### [Stored data entries]
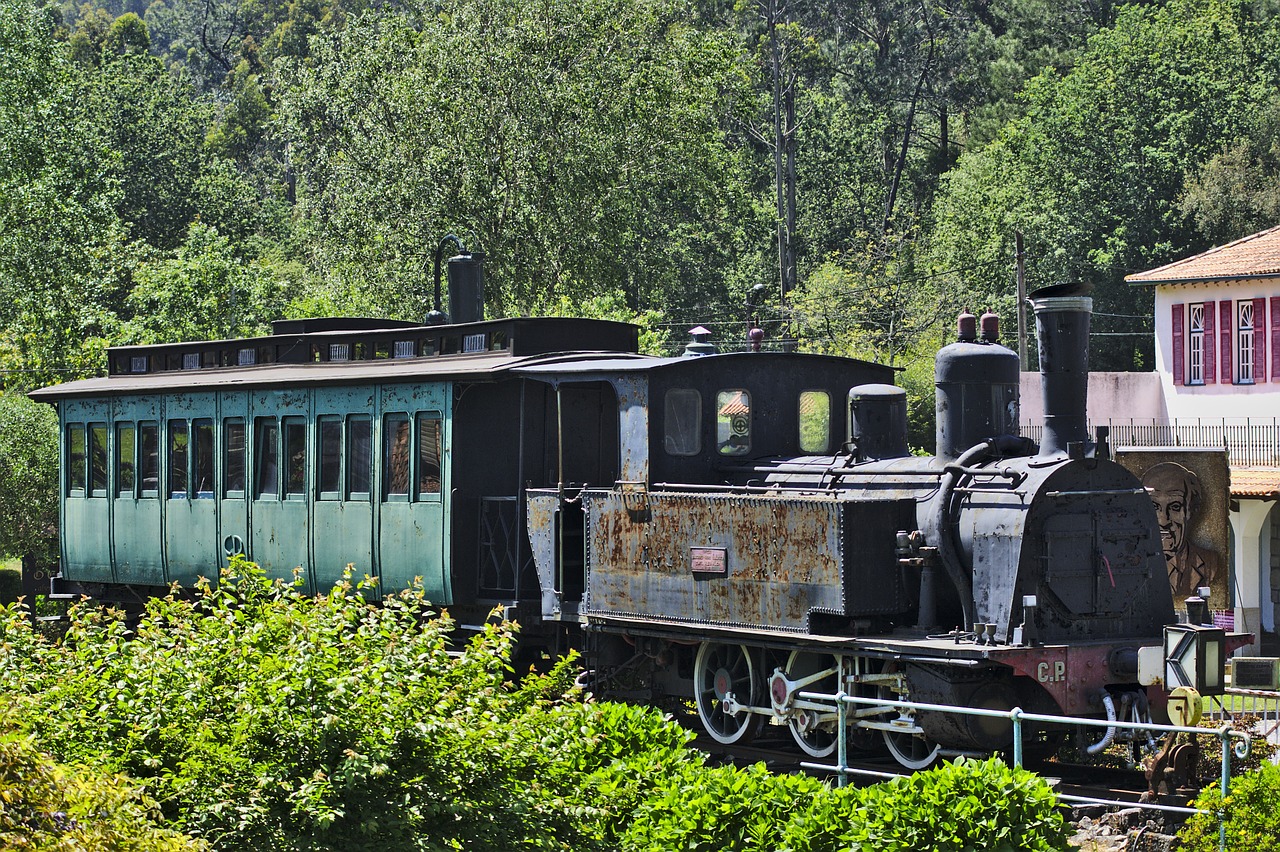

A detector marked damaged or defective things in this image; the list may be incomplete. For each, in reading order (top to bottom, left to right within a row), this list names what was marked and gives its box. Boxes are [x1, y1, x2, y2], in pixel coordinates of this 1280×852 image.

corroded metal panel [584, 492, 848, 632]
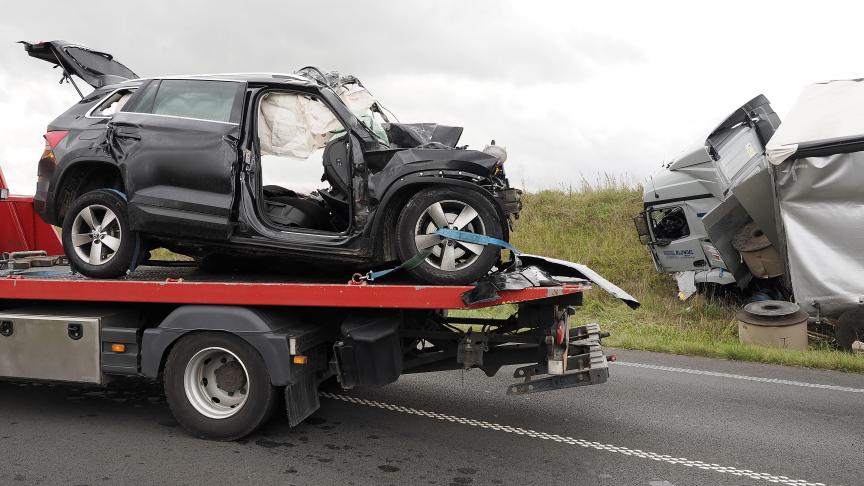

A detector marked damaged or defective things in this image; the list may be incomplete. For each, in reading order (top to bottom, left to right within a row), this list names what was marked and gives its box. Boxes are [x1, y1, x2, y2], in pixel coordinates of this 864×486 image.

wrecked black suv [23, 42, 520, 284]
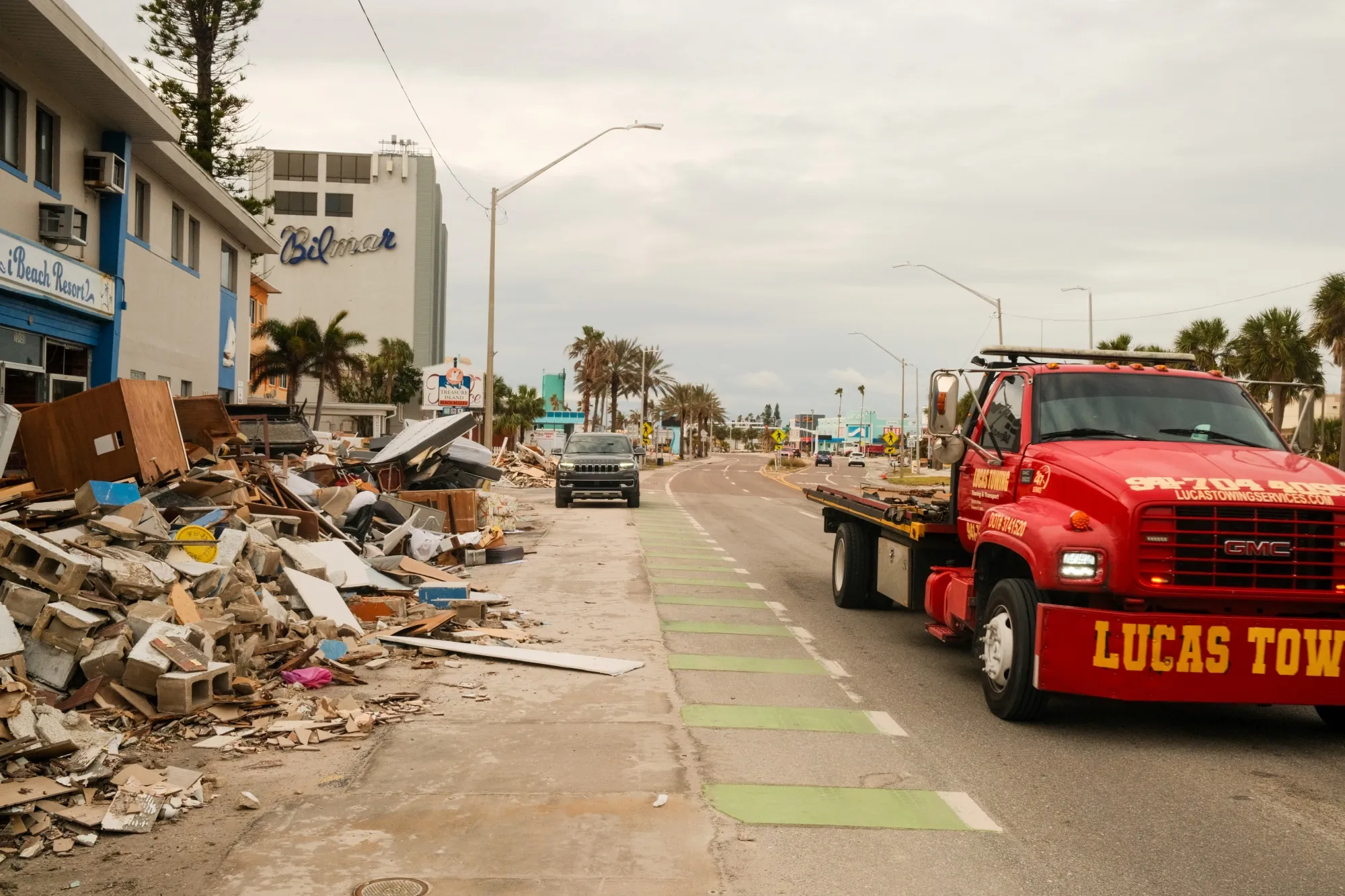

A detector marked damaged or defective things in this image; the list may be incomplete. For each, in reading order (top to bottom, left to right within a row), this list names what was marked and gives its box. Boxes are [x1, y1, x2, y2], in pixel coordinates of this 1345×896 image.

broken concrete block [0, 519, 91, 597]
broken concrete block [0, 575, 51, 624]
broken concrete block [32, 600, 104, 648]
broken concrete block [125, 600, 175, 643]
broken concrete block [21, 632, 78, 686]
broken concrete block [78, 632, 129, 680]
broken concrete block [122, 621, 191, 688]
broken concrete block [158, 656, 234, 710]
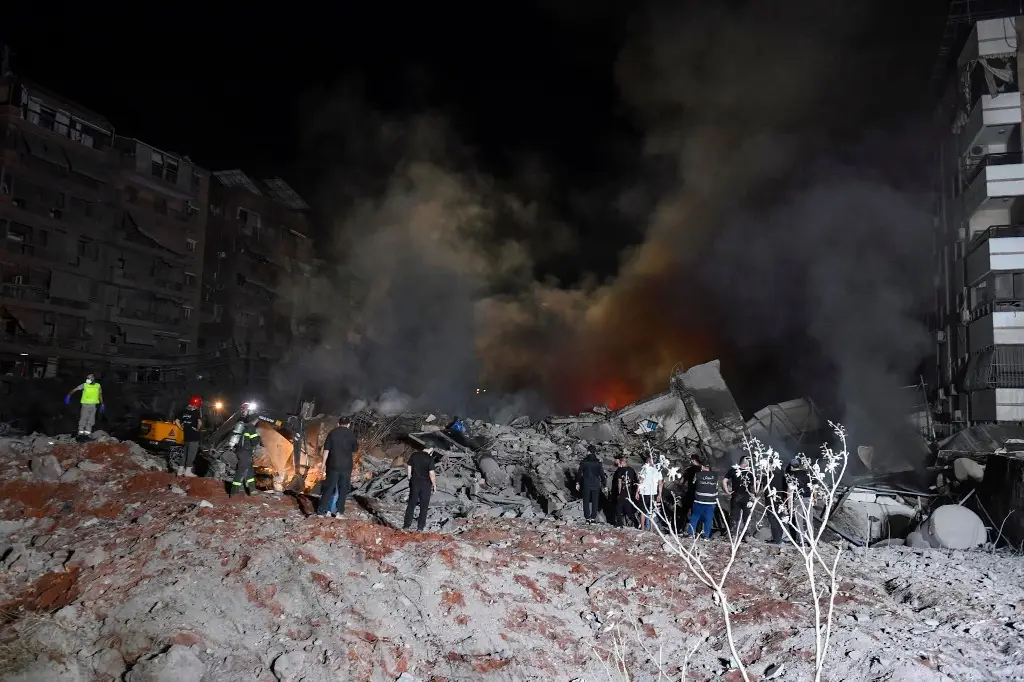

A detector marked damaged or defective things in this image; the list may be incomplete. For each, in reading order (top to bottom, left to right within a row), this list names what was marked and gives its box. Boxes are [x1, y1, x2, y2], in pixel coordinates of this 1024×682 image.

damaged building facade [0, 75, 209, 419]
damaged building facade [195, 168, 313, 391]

### [TASK REQUIREMENTS]
Only the lines from the one containing "this 864×486 image." through the last line of the entries should be transcribed, exactly and with no pictures.

### [OUTPUT OF THE TASK]
A detector marked damaged or defective things in this image; the list may be incomplete. For each, in reading order (top to bottom, left to right within a row), this list names what was marked and gives its box. Boxes are [x1, y1, x2, y2], in pixel coordinates of this 864×486 image.

wrecked black suv [23, 42, 520, 284]

A detector marked damaged or defective things in this image; the list may be incomplete. For each, in reading order (top to bottom, left to right within a row), this list names what was marked and gives its box. Boxes are [x1, y1, x2, y2], in pixel coordinates of this 1345×896 image.

broken concrete block [0, 519, 91, 597]
broken concrete block [0, 575, 51, 624]
broken concrete block [32, 600, 104, 648]
broken concrete block [125, 600, 175, 643]
broken concrete block [21, 632, 78, 686]
broken concrete block [78, 632, 129, 680]
broken concrete block [122, 621, 191, 688]
broken concrete block [158, 656, 234, 710]

A detector marked damaged or defective things in this image; the list may be incomplete. For each, in reading order (top to bottom, left to right within a row), this list names what was marked and gives its box. Boxes are [x1, y1, x2, y2], in pixel coordinates of this 1024×682 image.

damaged building facade [0, 75, 209, 419]
damaged building facade [195, 168, 313, 391]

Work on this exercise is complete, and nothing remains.